• Required work: Scan the entries below and return each line that contains "Vintage".

Short descriptive text snippets:
::::

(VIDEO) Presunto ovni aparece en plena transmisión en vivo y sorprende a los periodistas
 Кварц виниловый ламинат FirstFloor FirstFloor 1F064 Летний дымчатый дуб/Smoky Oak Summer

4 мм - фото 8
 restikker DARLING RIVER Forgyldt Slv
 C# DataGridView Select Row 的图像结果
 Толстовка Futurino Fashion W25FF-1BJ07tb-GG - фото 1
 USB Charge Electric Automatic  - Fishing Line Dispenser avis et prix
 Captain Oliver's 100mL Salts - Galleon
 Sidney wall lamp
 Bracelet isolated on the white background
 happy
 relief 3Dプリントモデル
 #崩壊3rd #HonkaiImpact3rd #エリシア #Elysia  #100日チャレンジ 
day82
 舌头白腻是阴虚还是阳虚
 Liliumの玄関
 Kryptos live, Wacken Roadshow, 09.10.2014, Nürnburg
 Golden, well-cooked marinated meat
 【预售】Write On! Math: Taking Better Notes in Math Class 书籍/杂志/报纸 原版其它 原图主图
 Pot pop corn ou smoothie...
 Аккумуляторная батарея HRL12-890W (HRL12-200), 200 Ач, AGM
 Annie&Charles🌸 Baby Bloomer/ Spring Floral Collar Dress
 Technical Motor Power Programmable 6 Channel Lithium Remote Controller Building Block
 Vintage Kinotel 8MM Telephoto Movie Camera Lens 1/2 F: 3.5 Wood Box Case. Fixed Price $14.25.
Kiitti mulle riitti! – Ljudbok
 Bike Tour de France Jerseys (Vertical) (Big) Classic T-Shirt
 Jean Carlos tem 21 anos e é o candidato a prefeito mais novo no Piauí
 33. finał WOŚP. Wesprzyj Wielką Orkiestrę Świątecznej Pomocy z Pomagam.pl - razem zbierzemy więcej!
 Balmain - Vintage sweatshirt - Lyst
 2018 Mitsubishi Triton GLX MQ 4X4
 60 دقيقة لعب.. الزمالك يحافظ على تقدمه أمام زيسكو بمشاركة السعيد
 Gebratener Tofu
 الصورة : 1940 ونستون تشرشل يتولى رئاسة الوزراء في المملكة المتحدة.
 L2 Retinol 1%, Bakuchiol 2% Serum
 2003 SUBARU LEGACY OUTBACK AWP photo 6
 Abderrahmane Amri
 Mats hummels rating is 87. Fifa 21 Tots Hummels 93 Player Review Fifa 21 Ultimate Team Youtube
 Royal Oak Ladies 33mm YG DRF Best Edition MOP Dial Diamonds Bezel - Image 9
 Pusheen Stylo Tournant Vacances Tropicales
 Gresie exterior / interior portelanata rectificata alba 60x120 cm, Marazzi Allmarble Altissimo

::::

• Answer area:
 Vintage Kinotel 8MM Telephoto Movie Camera Lens 1/2 F: 3.5 Wood Box Case. Fixed Price $14.25.
 Balmain - Vintage sweatshirt - Lyst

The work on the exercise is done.